Fine-Tuning LLMs on a Local Multi-GPU AI Workstation

Author: Dennis Garcia

Published: Wednesday, April 8, 2026

Model Training Software

Axolotl LLM

Axolotl LLM is a training application that is most commonly used in the cloud and only requires a YAML file to configure a training run. Being that this application is open source you can also run it locally and change things if needed.

There are two challenges when it comes to open source LLM training. First are hardware and software demands. Python is a powerful and fragile language allowing programmers to achieve a lot, provided that everything is perfect. Upgrade the wrong package and you may never get the system working again. These packages are also tied to specific driver versions and unlike on Windows, there is often no fallback option, it either works or it doesn’t.

The second issue is that only small subsets of AI professionals do model training and even fewer are building the software. As the laws of demand dictate, “if nobody cares, then nobody will work on it”

Combined this creates an environment of barely working code mixed with workarounds because that is what works. Speaking from experience, installing Axolotl LLM is a real bitch with a long list of requirements and dependencies that often don’t play nice together or are stuck on older versions and impossible to update. I have had really good luck using the Docker version as it removes many of the python dependencies but can still trigger hardware ones so, you’ll need to do some testing.
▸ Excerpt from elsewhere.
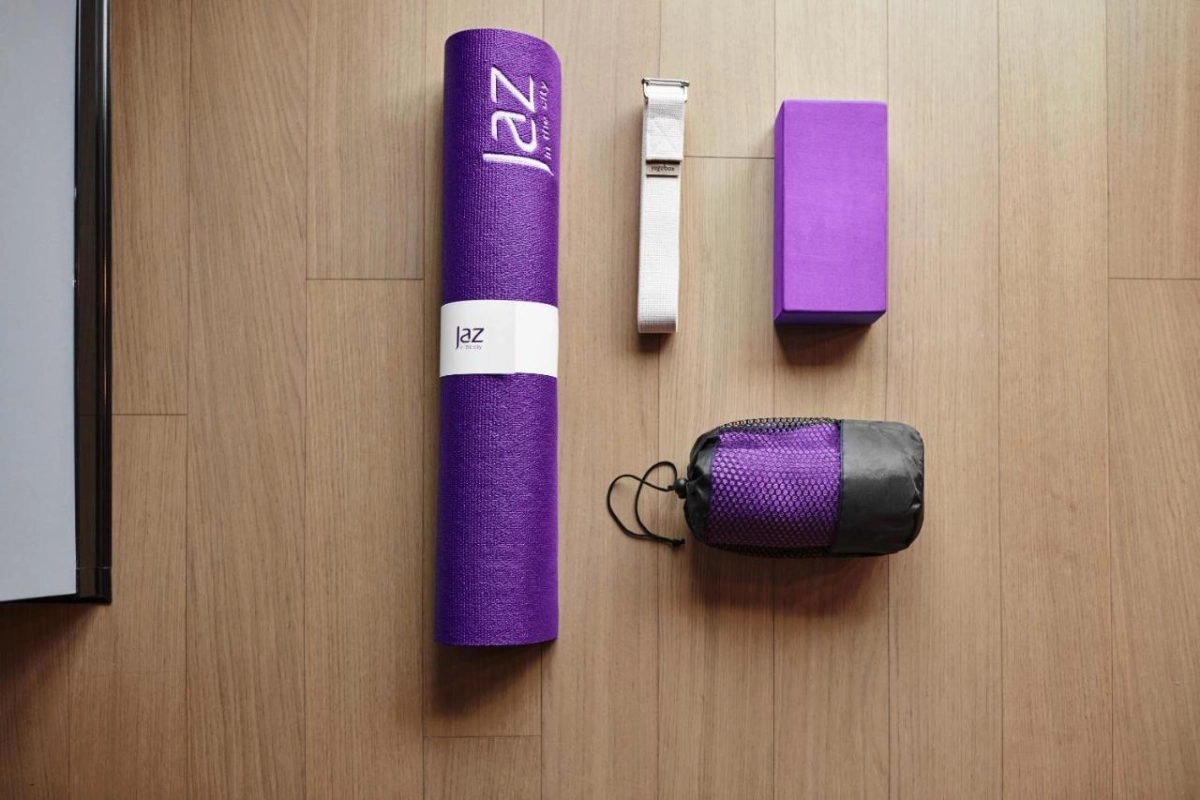 Jaz In The City - Hotel Photo 23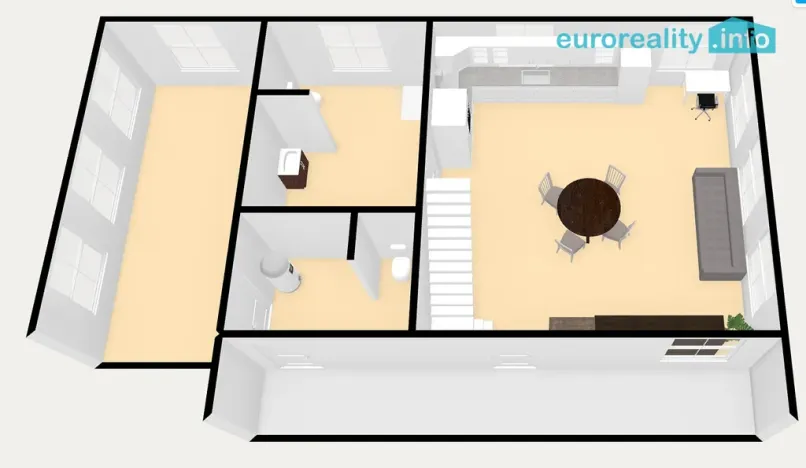 Prodej rodinného domu, Šťáhlavy, K Bažantnici, 160 m2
Augment Toolkit will generate an Axolotl YAML file so if you use that tool you can go directly from dataset generation to training in one step.

Deepspeed

Deepspeed is an interesting project that adds memory management to LLM training. By default, LLM training is dependent on VRAM so, if your training job requires 1.4TB of memory you will need enough GPUs to satisfy that requirement. Axolotl supports a number of optimizers including Deepspeed and allows you to change the memory requirements. Sometimes these will accelerate training but, more often than not, it helps to reduce costs through memory offloading.

Adam ZeRO optimizations change the memory dynamic by enabling training on systems with limited GPU memory. For instance, I can train 4B parameter models on my AI workstation using the 2x RTX A4500 GPUs and the 128GB of system memory. This process will require about 80GB of memory and with Deepspeed I can offload most everything to DRAM allowing the software to actively swap weights and tensor information in and out of the GPU during training.

Adam ZeRO 3 also has an option to offload to a NVMe drives and allow you to train even larger models on limited hardware. For instance an 8B model needs 150GB of memory to train but since my AI workstation only has 128GB that won’t be possible without offloading part of this to NVMe.

Kinda...

Thing is, Deepspeed is primarily being used in the enterprise space for cloud training and in this environment users will leverage the DRAM offload because NVMe offload is not available and DRAM is faster. As such the NVMe offload option has some rather serious bugs that will often crash the training job and still requires an extremely high amount of DRAM. While this works for small models it does severely limit the types of systems that can do model training and what models are supported.

On a positive, Deepspeed and Axolotl are both actively being developed and will often have LLM training support on day one when new models are released along with a support system if bugs are found.